Earlier this week, I broke fast at Rikers Island with New Yorkers in custody, Department of Correction staff, Commissioner Stanley Richards, and Councilmember Yusef Salaam. It was a night that will stay with me for quite some time. People sharing what little they have: breaking… pic.twitter.com/6Serzy6Mt2 — Mayor Zohran Kwame Mamdani (@NYCMayor) March 20, 2026
Earlier this week, I broke fast at Rikers Island with New Yorkers in custody, Department of Correction staff, Commissioner Stanley Richards, and Councilmember Yusef Salaam.
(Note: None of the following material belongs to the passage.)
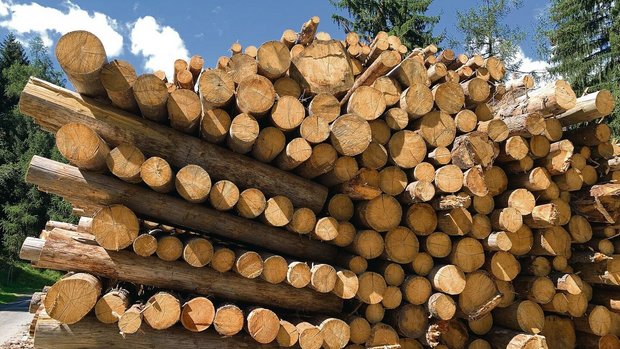 Eine der Massnahmen ist die Potenzialanalyse. Also, ob im Kanton noch mehr Holz nachhaltig geerntet werden kann.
It was a night that will stay with me for quite some time. People sharing what little they have: breaking… pic.twitter.com/6Serzy6Mt2
— Mayor Zohran Kwame Mamdani (@NYCMayor) March 20, 2026
I saw with my own eyes the reality that lives within those walls. Not what Mamdani wants you to see. But the real-life everyday events. I know the sound of an officer-in-trouble alarm ripping through the jail: somewhere, a colleague is being savagely attacked, the assailant has the upper hand, and other inmates crowd around, cheering. They pound on doors, slam on walls, scream, and form human barriers—making it impossible for backup to break through. The noise is deafening. The screams for help from someone just trying to make a living are worse. You never forget either.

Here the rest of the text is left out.